> [Information supplied]:
+-------+
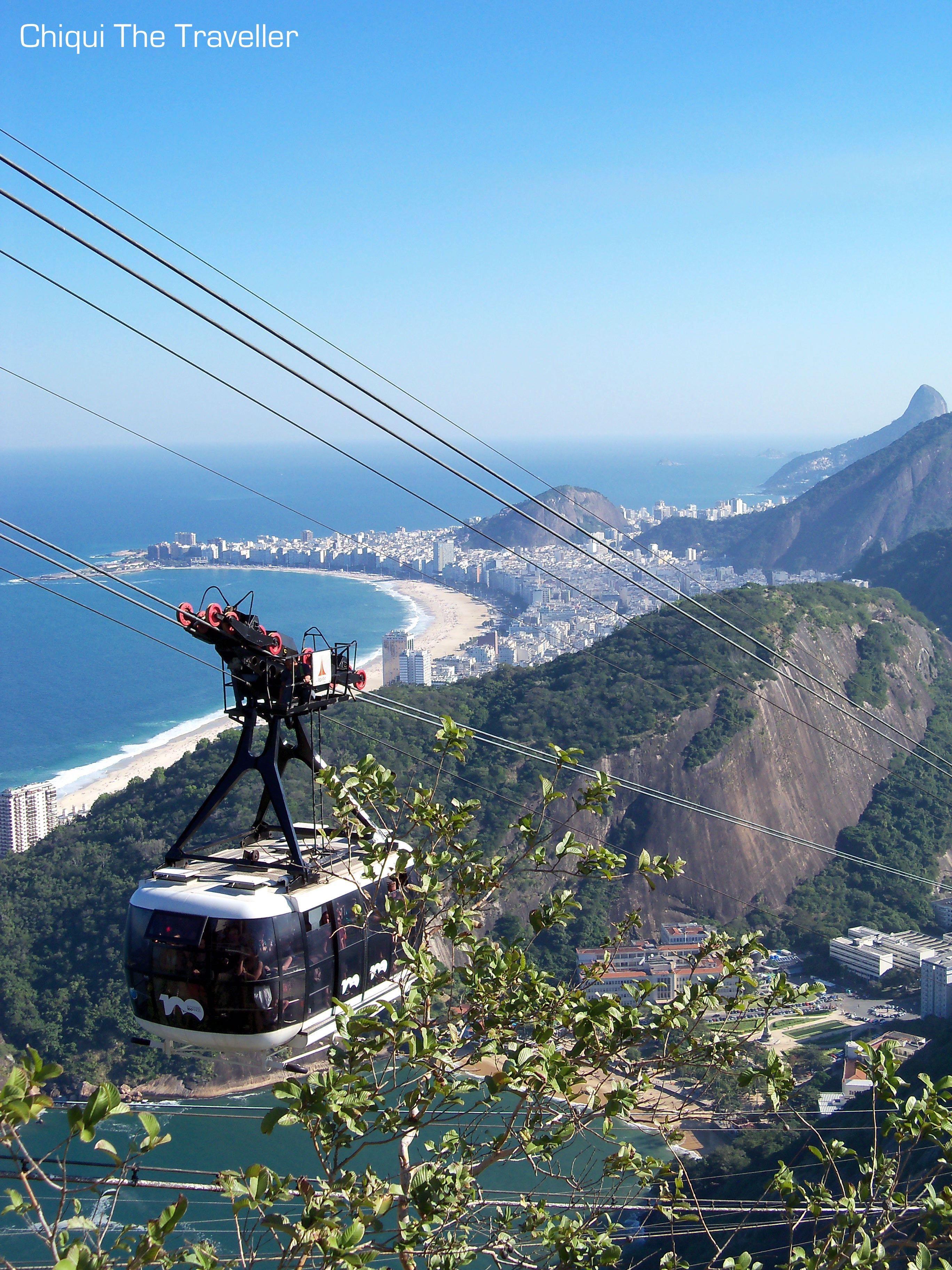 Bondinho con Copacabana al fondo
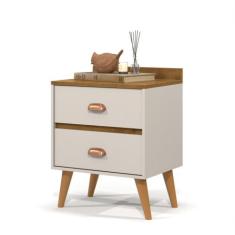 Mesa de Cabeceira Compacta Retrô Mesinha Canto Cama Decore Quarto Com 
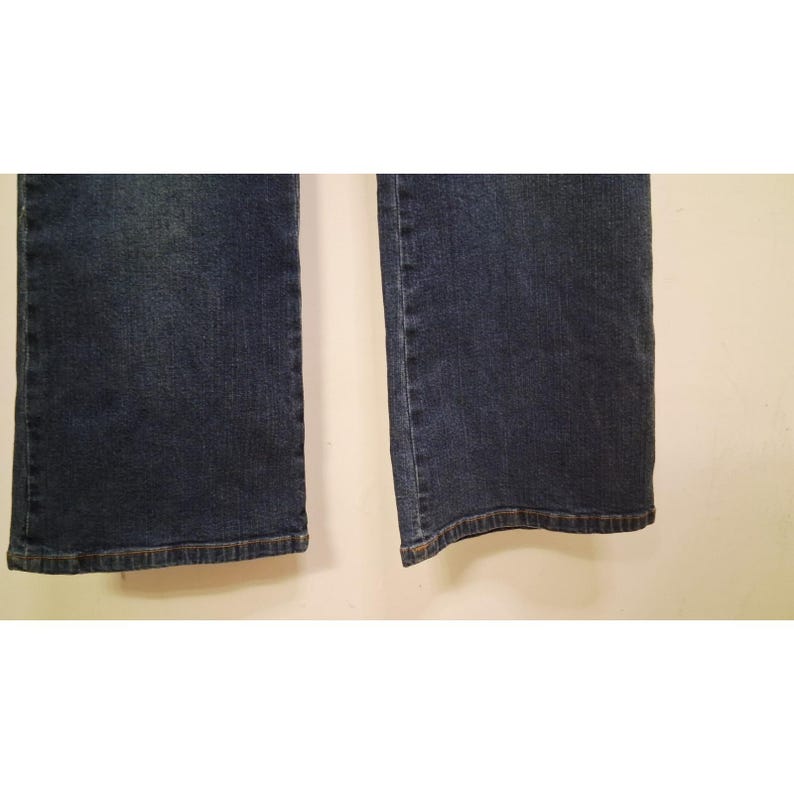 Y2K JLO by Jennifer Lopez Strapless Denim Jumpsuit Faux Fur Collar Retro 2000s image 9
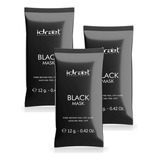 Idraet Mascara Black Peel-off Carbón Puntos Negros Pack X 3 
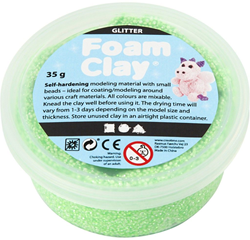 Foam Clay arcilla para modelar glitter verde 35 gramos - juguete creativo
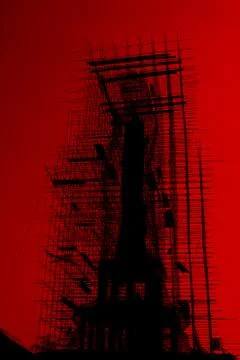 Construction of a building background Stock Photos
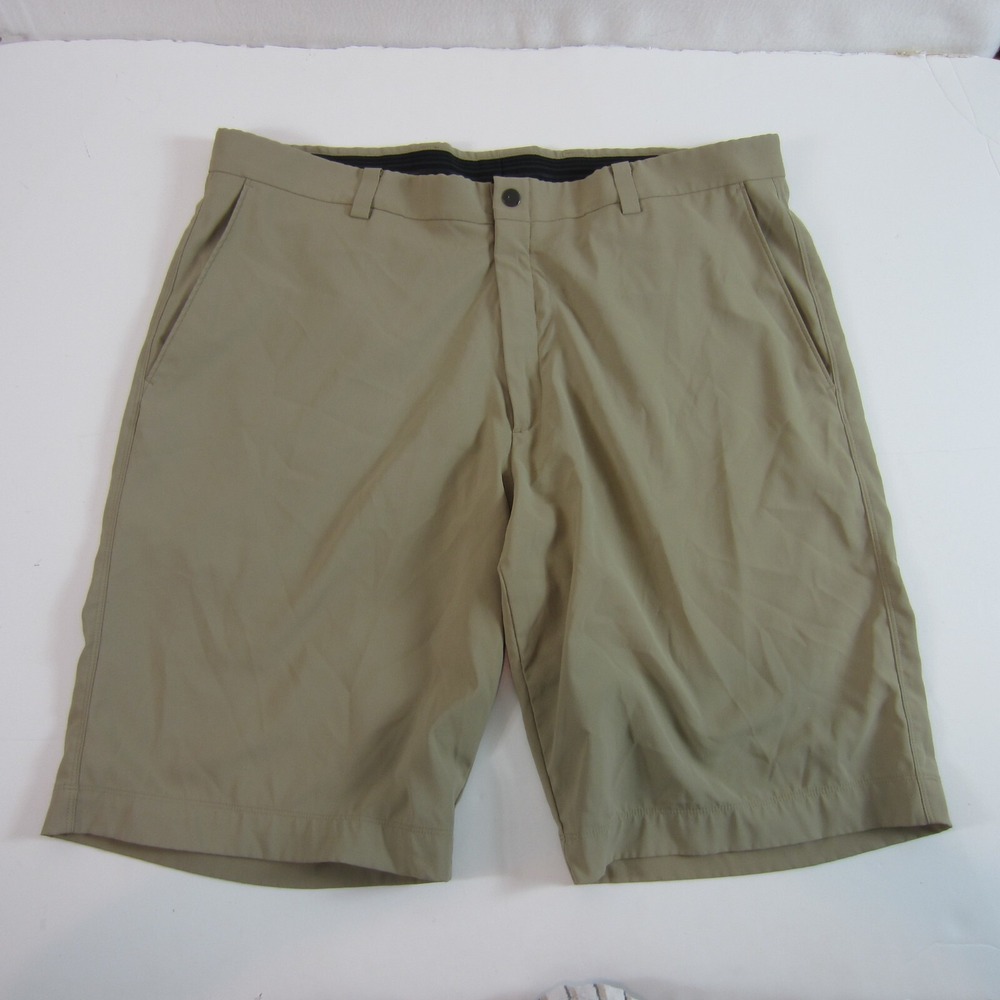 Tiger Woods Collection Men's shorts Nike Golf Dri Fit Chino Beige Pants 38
+-------+
> [What the task requires]: Find the line with "Construction of a" in the listing and extract it and all lines after it through the end, exactly, without the pictures.

> [Completed task]:
 Construction of a building background Stock Photos
 Tiger Woods Collection Men's shorts Nike Golf Dri Fit Chino Beige Pants 38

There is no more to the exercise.